(Recorded data)
----------------
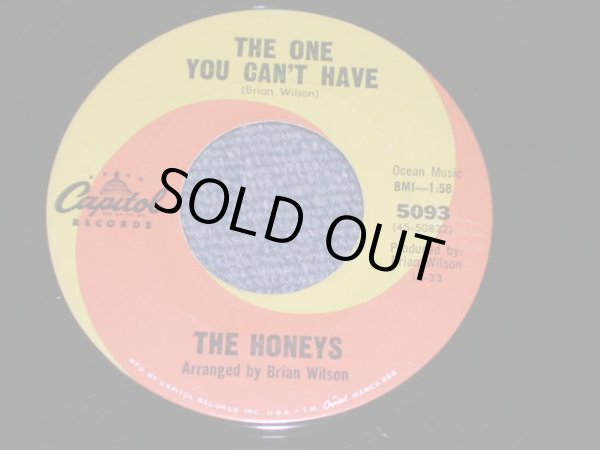 画像1: HONEYS  With BRIAN WILSON of THE BEACH BOYS - THE ONE YOU CAN'T HAVE / 1963 US ORIGINAL 7" SINGLE 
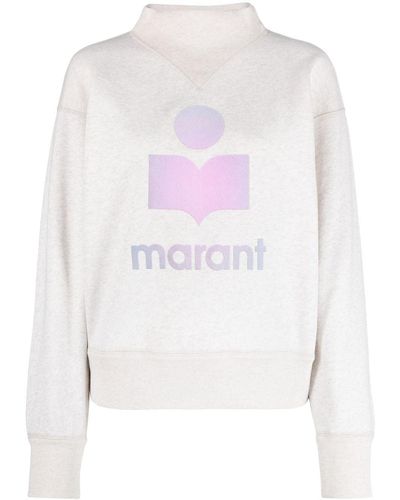 Isabel Marant Klassisches Sweatshirt - Weiß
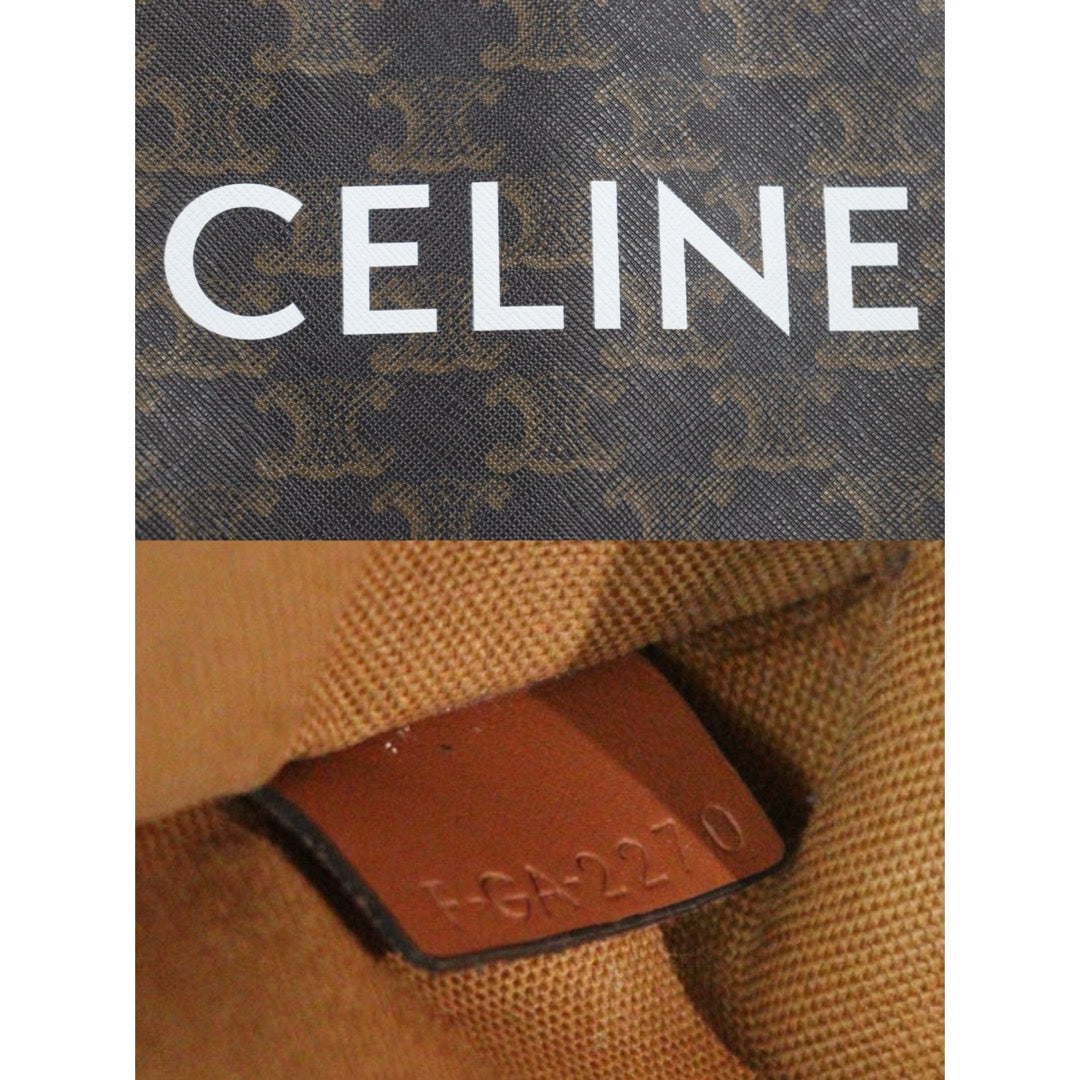 Very Good ( Rank A) ｜ CELINE Macadam MINI Tote Bag Shoulder Bag ｜P25051603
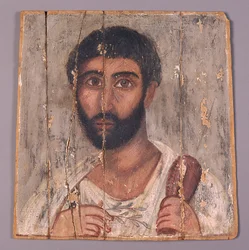 Portrait of a Bearded Man from a Shrine, c.100 AD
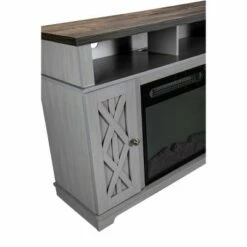 48" TV Stand for TVs up to 55" with Electric Fireplace Gray - Home Essentials -Cheap TV Stands Store unnamed file 991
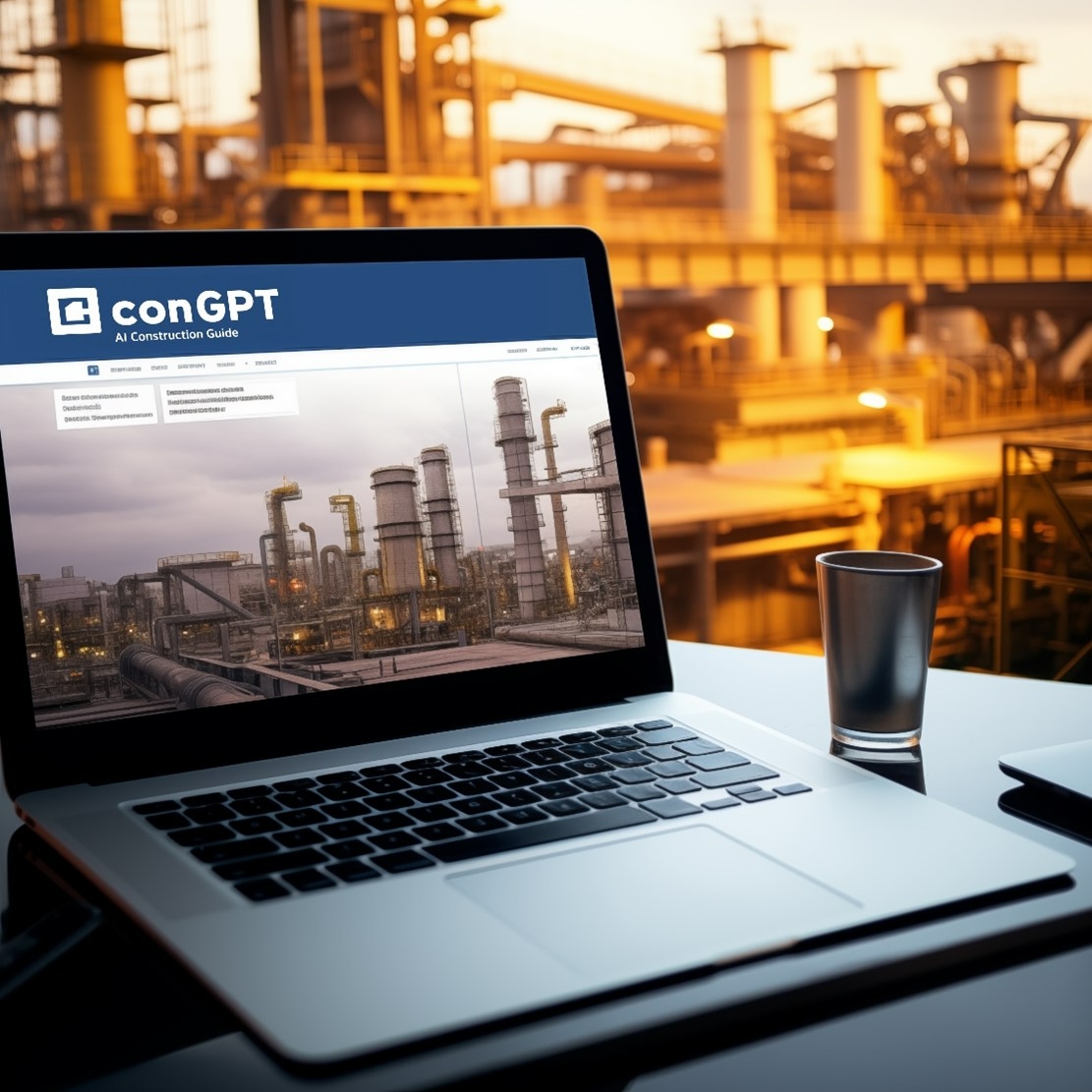 롯데건설이 개발한 ConGPT 시스템 샘플 이미지.(사진=롯데건설)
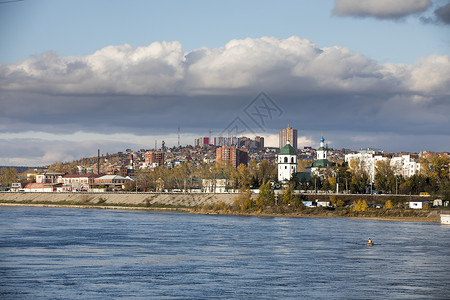 伊尔库斯科城市风光高清图片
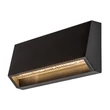Aplica de perete exterioara Rabalux IBAR plastic, negru, transparent, LED, 3W, 250lm, 3000K, IP54 - 77109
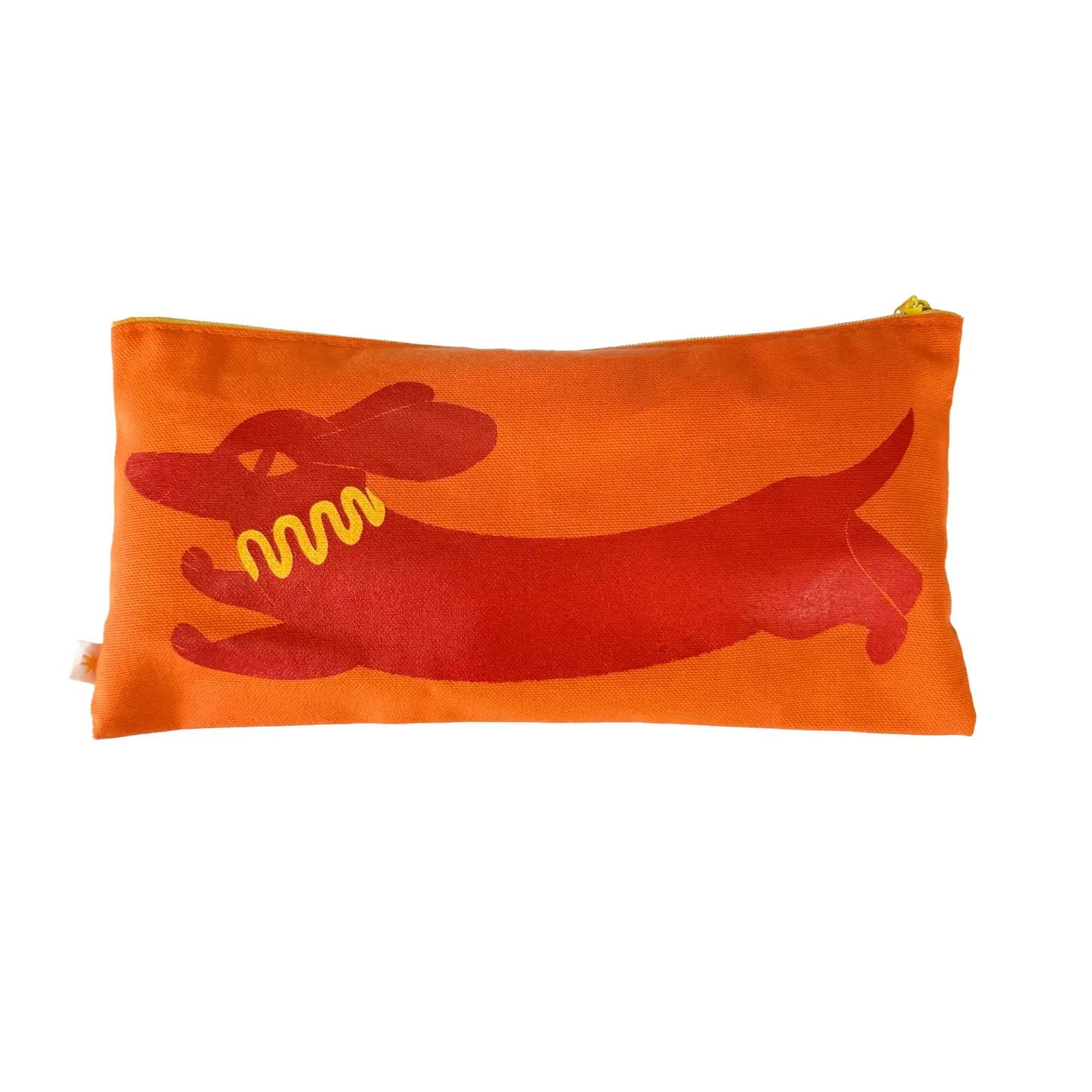 Hot Dog Canvas Travel Pouch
----------------
# What needs to be done
Here the lines from the one with "伊尔库斯科城市风光高清图片" through the last line of the data above need to be repeated exactly, both included, and any picture omitted.

# Response to this exercise
 伊尔库斯科城市风光高清图片
Aplica de perete exterioara Rabalux IBAR plastic, negru, transparent, LED, 3W, 250lm, 3000K, IP54 - 77109
 Hot Dog Canvas Travel Pouch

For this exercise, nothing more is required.